Thanks guys, appreciate all the info. I am a bit embarrassed that I did not think of using shrink wrap tubing!!!! The worst wire is the headlight wire. Just handling the unit while cleaning made most all the insulation crumble off. But then again, this is an old fellow  Just makes me wonder or imagine who played with this back in the day! I mean I like restoring, but any that can be saved and used w/ "played with" look is classic.


----------



## gunrunnerjohn (Nov 10, 2010)

You can also pull the insulation off the right sized wire and slide it on. Sometimes, the heat-shrink is a bit too stiff for the purpose.


----------



## 66chawger (Feb 2, 2012)

Man... even another good idea! Yeah, using some new wire insulation casing will be perfect! I can even use white to make it look authentic....

Super cool, I will do that tonight and also see how well that front roller is adjusted tension wise. Will also get some of the stuff mentioned previously to rub on the rollers. Hopefully have some pictures of it for you all tonight.

I am telling you guys, this thing runs like a freight train!! I mean it is what, 80+ years old? Always get a kick out of watching the engines go around the track w/o the body.


----------



## 66chawger (Feb 2, 2012)

*NYC 150 Pics*

Ok, here are a couple pics of my 150. The engine shell is just sitting on the truck, that is why it looks higher in the front  The shape of the units really are better than the pics, just the paint is chipped and such. I just can't bring myself to restore this one...maybe later. Second pic is of the truck and motor by itself... very clean now... but you can see in this picture the deterioration of the insulating wire for the headlight. I have since fixed this using Johns suggestion using new white insulation from some extra wire I had lying around. 

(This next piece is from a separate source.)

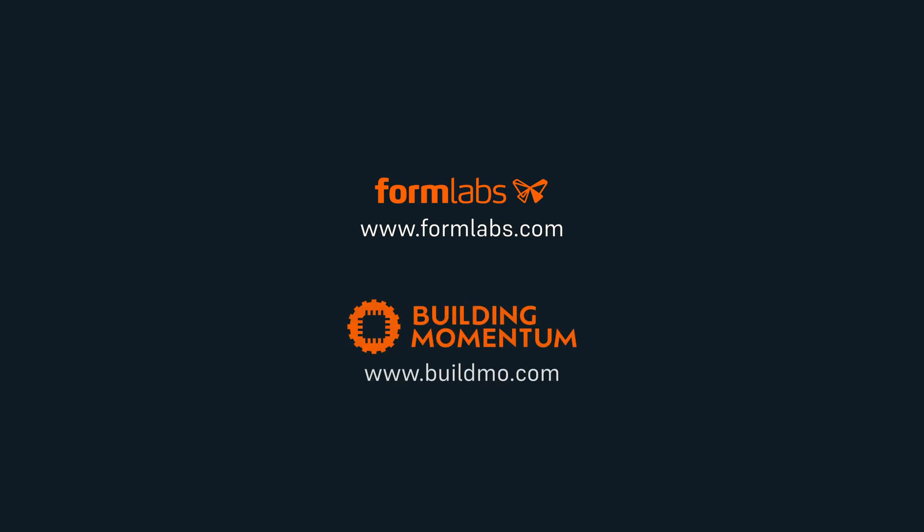To learn more about the Fuse Series SLS ecosystem, contact the Formlabs Aerospace and Defence Team. To learn more about Building Momentum's custom additive manufacturing curriculum, including drone design, manufacturing and operations, visit buildmo.com.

TJ, I did look closer at the rollers and they are definitely worn, have the "u" groove from the rounded three rail track. I will check that link above for new rollers


----------



## Kwikster (Feb 22, 2012)

I love seeing the older stuff come back to life. They look great in "played with" condition.


----------



## 66chawger (Feb 2, 2012)

Thanks! I came real close to stripping the tin and doing a complete resto, but they are not dented and rusted, the trucks and wheels are in great shape, so it is more nostalgic to me. I still crack up how fast the 150 is!!! I have to really watch the speed. Sorry I did not get the caboose in the picture.... well I call it a caboose, it might be an observation car


----------



## tjcruiser (Jan 10, 2010)

66chawger said:


> ... the trucks and wheels are in great shape, so it is more nostalgic to me.


Boy, I'll say ... the drive wheels on the loco and the motor frame itself look to be in excellent condition for their age. That's a real piece of history you have there!

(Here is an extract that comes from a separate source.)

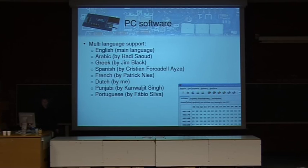A nice thing about open source software is that you can see people actually use it because they start translating your software. The main language is English, but the first translation I got was Arabic — surprisingly enough — and it has now been translated into Greek, Spanish, French, Dutch by myself, Punjabi — I didn't even know the language — and Portuguese.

As for roller replacement, I've never tried that myself. Is the roller rivetted on to the springplate? Is roller swapout easy?

Cheers,

TJ


----------



## servoguy (Jul 10, 2010)

The groove in the roller will not interfere with the operation of the roller. I have a few locos with really deep grooves, and they work just fine.


----------



## 66chawger (Feb 2, 2012)

I am going to try the deox on the rollers first. I really don't want to drill out the rivets and replace the roller plate as it is in good shape. I just want to get them from sparking so much.

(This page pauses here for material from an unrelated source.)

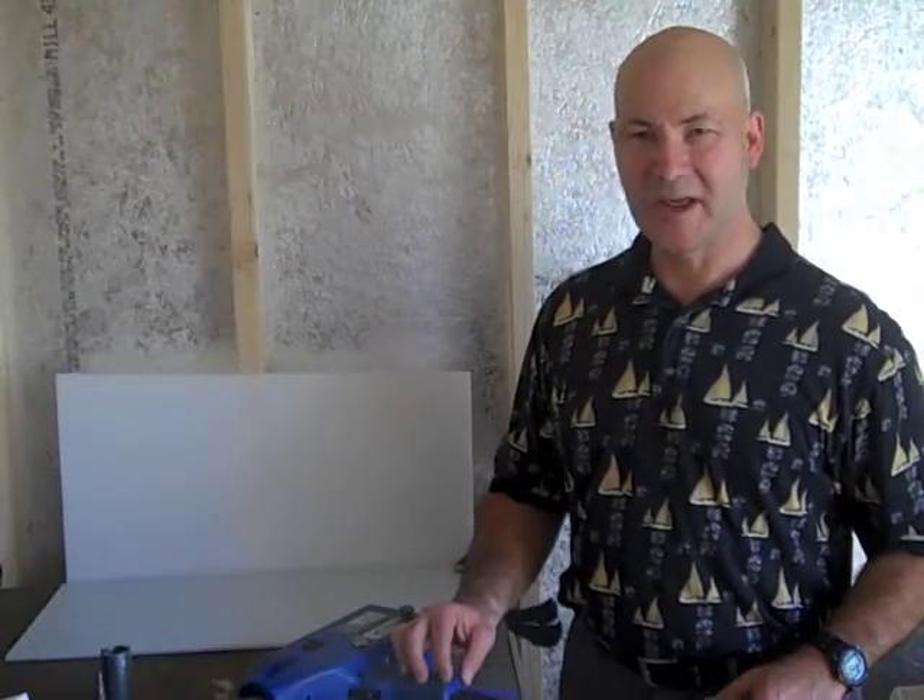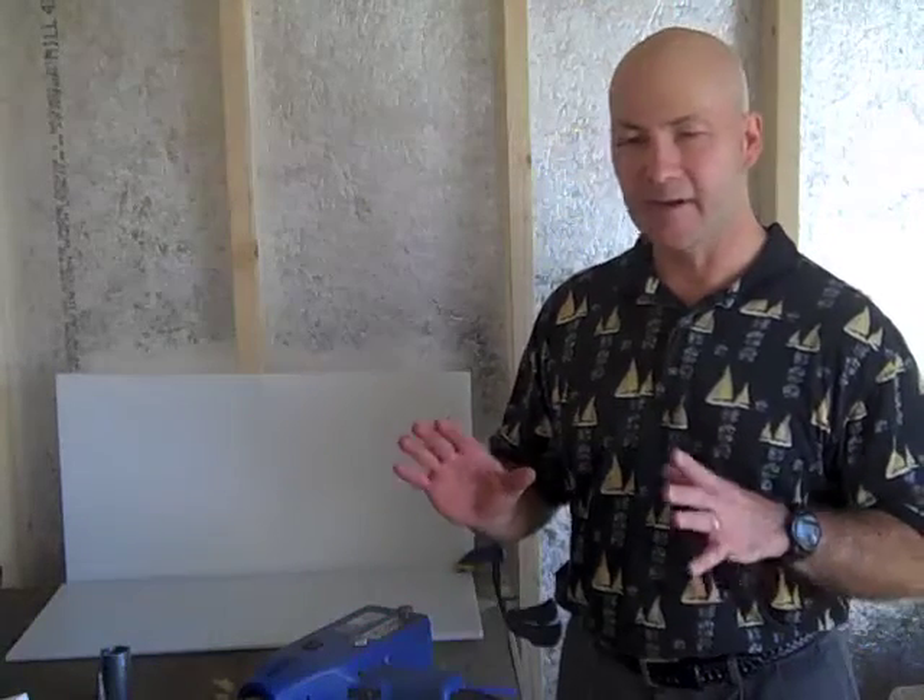Hi, this is Bob from Abion. Today we're going to talk about plastic welding. For those of you that are new to plastic welding, we're going to talk about several different tools.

TJ, I contacted Jeff Kane. He sent me pictures of the replacement rollers and plate... I would still be able t use the original Lionel name plate, so this is definitely an option. Question I have is when you are putting the replacement roller plate on, how do you install the rivets? Are the pressed or just use a rivet gun??? 

Also, where can I get the threaded lightbulb for my 150? I will contact Jeff, he might have that also.


----------



## tjcruiser (Jan 10, 2010)

66,

I think the rivets are pressed (no gun). I've never done the rivets, but see the 2nd link in Post #13, above. You'll see an example / discussion there.

However ...

Are you really sure you want to replace the full pickup plate? That's going to be very tricky to do, without removing the wheels first. If your rationale in considering this is simply because the rollers have a bit of a V-groove in them, you have a tough road ahead. Instead, I'd seriously consider using the rollers as-is.

Jeff has bulbs. I'm not sure if a 150 takes anything special. Sometimes I buy 14 or 18V threaded bulbs from Jeff. Other times, I simply pick up a pair from Radio Shack like this:

http://www.radioshack.com/product/index.jsp?productId=2103783&numProdsPerPage=60

Regards,

TJ


----------



## trenes115 (Dec 9, 2011)

I was able to remove the roller from my 262E's broken collector by bending the sides of the bracket a bit.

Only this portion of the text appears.